25 Timely Tips for a New Year
Use this home-maintenance calendar to keep your house running like clockwork.
Tasks for January Through AprilIn January...
- Test your home for radon. A radioactive gas that causes lung cancer, radon can build up when windows and doors are sealed tight. So January, the coldest month, is an optimal time for an annual test, says Elias Rodriguez, an EPA spokes-man. Visit epa.gov/radon.
- Make sure your attic insulation is doing the trick. If snow melts off the roof soon after it falls, or if icicles form even when temperatures remain consistent, too much heat may be escaping from your home. If so, call a contractor.
- Check your sump pump. Do this now, before the first spring thaws of March, when melting snow and rain showers can cause basement flooding. To test, pour two gallons of water into the drain to raise the float and activate the motor. It should stop running once the water level drops below the activation level.
- See if your gas meter is iced over. On average, February is one of the snowiest months of the year. According to Managemyhome.com, accumulated ice on the meter can cause it to malfunction and create a gas leak. If the meter is iced over, contact your gas utility. (Chipping off the ice yourself can damage the unit.)

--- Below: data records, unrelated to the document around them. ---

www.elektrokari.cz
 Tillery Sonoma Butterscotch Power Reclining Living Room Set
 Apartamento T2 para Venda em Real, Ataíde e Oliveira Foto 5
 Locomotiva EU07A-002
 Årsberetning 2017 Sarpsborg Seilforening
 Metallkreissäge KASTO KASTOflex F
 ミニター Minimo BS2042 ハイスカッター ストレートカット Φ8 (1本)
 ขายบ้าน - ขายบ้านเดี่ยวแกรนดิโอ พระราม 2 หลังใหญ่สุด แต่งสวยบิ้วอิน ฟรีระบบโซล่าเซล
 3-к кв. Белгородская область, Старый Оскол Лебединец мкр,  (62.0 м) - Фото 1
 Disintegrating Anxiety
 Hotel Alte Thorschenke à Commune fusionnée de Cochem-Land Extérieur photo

- Put new batteries in smoke alarms and carbon monoxide detectors. Do this when you turn your clocks ahead for daylight saving time.
- Make sure your fire extinguisher is properly pressurized. Check the gauge; the needle should be in the green section.
- Paint the house. “Latex paint performs best when the temperature at the time of application is 50 to 85 degrees Fahrenheit,” says Mark Schulte, director of membership and education for the Paint & Decorating Retailers Association, in St. Peters, Missouri. Under direct sunlight and scorching summer heat, “paint may lose adhesion, bubble, and peel.”
- Examine outdoor play equipment. Pieces made of wood, in particular, can get damaged during the winter. Cut or sand any splinters, and look for rotting at the base, which could weaken the structure.